Saturday, May 26, 2018

ONCE UP ON THE ROOF

I wear my chase-me-fuck-me shoes. But better than sex. You know. You want. You need. I want only for metal and fire, to breathe. Chase me. Chase me. Then I get you.

Piso 3#, third floor, the door to the apartamento was ajar, the bathroom door wide open and, hunched over his throne, trousers scrunched up around his ankles, was his nibs, in a stupor. He frequently was. It was good for him. It kept him off the roof.

The hum of the motor and the turning of the cement mixer usually calmed me, but not that day. That day the brick inside my head clanged against the sides as it chipped off the crusted excess. In tandem with clunky cranky head state was generalised nausea. Up on the roof where I loved to be. I looked out, across the descending expanse of London brick and slate. Foreign train passengers from Gatwick stared out in half-disbelief at its seeming never-endingness, a cliché all the way to Queen Victoria and her station. Of course, they didn't know I was in league with the Spartacists. Usually I waved, but not that day.


He wouldn't be able to get up onto the roof, but nor could he make it out of the bathroom. I retched as I lifted him off the toilet, which like most on the island located more than few metres off the ground, was backing up. He slumped on the couch. Then he perked up. He yanked up his trousers, leaving his belt undone. He slurred, laughed and offered me coffee. Lava java. Of course I'd have to make it myself.

Do you know yet? Soon. You chase. You chase. I creep. I creep. Up onto the roof. Once up on the roof. Once upon a time. I play. I smother, slowly, niggardly, adverbially. Winding up the stairs. To where you crouch. You survey the scene. Peace of mind. Piece of mine. Chase me big boy, chase me. I'm a work in progress. Come and get it...


The stacked-up washing-up wouldn't allow the kettle under the tap. Then I spotted the cafetiere. I went to the fridge, took out a litre bottle of water and used it to make his potent brew. When I returned to the room, he was gone. I went to the front door and looked up the stairs, but the roof terrace door remained closed. I caught sight of him slumped over the balcony railing. I hauled him back inside and got him onto politics, to keep him talking and conscious. When he wasn't in noddy headland, he loved to talk about how he had rebelled against his privilege. His Victorian antecedents, a one Baron von Saxon-Coburg, or whatever, were responsible for the Whites' insurgency against the Oktober coup long before the capitalist involution made the KGB into captains of post-industrial oligarchy, apparently.

That day I had flu. Or the beginnings at least. As the only (minor) public school educated roofer in Gypsy Hill, my inculcated stoicism surpassed even Borstal ingrained steeliness. I wouldn't be hostage to man flu, nor open to the charge of effete toff by my house mates. And it was after all my own roof I was fixing. It was in lieu of a stack of rent I owed. But this was a bad one. So I came down off the roof for a Beecham's Powder and a coffee.


What was the difference between Leninism and the Spartacists? But J. wanted to talk about the roof.
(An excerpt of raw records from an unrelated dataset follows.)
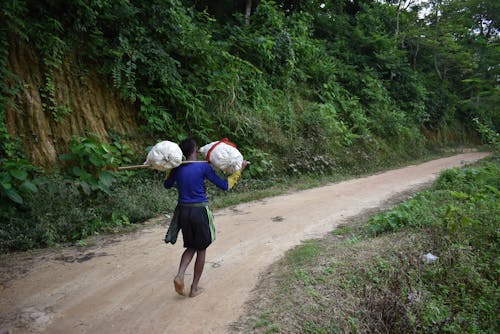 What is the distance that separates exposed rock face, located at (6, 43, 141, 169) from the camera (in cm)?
662

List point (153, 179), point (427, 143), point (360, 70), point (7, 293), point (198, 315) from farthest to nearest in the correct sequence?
point (427, 143) < point (360, 70) < point (153, 179) < point (7, 293) < point (198, 315)

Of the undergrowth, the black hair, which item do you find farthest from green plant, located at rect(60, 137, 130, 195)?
the undergrowth

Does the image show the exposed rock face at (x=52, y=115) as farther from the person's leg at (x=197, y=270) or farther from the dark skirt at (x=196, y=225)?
the person's leg at (x=197, y=270)

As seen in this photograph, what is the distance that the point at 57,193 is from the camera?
6184 mm

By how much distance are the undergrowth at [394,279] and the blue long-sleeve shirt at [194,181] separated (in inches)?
53.3

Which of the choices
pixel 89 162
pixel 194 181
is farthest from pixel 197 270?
pixel 89 162

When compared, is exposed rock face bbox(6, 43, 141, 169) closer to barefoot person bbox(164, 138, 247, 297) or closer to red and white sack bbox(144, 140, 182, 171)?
red and white sack bbox(144, 140, 182, 171)

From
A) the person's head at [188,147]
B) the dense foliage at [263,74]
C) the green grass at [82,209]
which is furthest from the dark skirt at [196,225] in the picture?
the dense foliage at [263,74]

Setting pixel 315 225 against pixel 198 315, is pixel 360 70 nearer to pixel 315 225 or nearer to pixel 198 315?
pixel 315 225

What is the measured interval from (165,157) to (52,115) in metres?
4.54

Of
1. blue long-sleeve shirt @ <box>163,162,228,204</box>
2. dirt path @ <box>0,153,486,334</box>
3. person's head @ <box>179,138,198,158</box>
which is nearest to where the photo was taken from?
dirt path @ <box>0,153,486,334</box>

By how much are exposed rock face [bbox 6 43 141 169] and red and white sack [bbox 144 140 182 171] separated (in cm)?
402

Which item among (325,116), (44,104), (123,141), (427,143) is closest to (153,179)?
(123,141)

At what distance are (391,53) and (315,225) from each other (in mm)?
16510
My dragon's breath emanates from the hot metal. A beast quest. A viper's nest. A test. The first. And the last. They roll into one for many. For you. I wait. I wait. You're coming down. Surely sire. Take up thy staff and chase me sky boy. Next time we'll go together. You and I both fly. But not all flight is airbourne. Some flight is terrestial, a descent into dirt, on hands and knees, sucking up indignity and transcendence in equal measure. Look how I am pretty, look how I am fine. A soulmate for the soon to be souless. Chase me roof man. Come chase me.


There it was. Suddenly, cigarette in hand, strong coffee with more than a tot of agua ardiente, came brief lucidity. Where was she? I needed her to take me to Adeje, in the mountains. Some of us had to work. She'd be back soon. But first the roof...
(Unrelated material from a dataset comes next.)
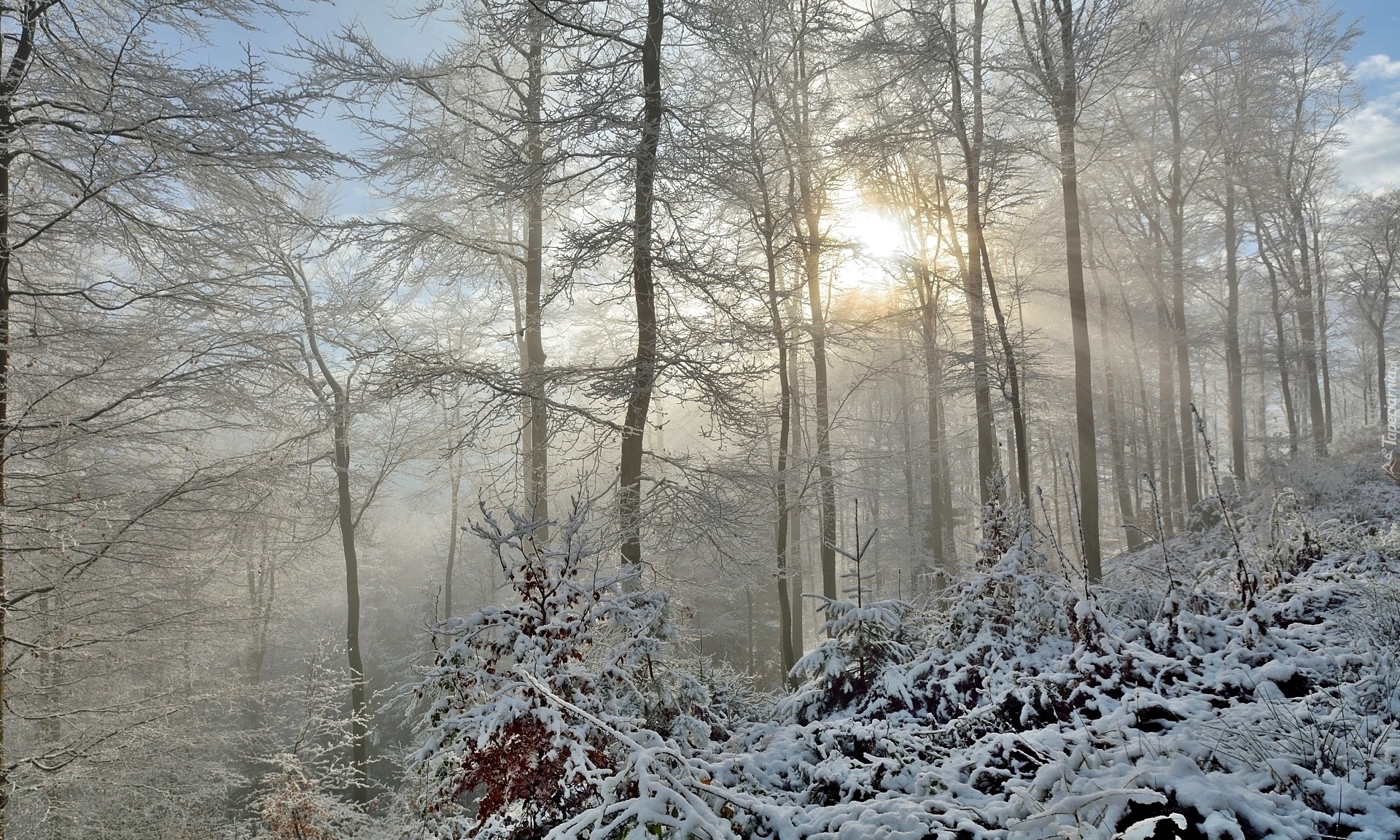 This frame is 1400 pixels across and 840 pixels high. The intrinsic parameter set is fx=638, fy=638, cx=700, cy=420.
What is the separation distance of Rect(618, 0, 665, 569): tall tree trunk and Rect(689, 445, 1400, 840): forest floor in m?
2.58

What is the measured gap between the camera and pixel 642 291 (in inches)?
305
My house mate wanted a coffee and a fag too. She was weighing out the gear and, as had gradually become customary, offered me a chase. I partook and went back up to retrieve my tools. It was then up on the roof the second time that it hit me. I felt so much better. The aches, the sniffs, the shakes flew off in the direction of the South Downs. The sun warmed my closed eyes and when I opened them again, dawn spread through my body like junk. But this was not like junk. This was junk. This wasn't Sparta. This was narcosis.

The door swung against its hinges and in she breezed.

- Sorry for being late. Won't be a mo. Hey Jonathan. You been out today sweetheart? Stay off the roof. See you later honey.

We set off in her Seat Ibiza van up the foothills of Mount Teide towards Adeje to sell advertising space to a chicken restaurant, leaving Jonathan to chase his demons, drink himself back from oblivion and stay off the roof.



Never did find out about the Spartacists.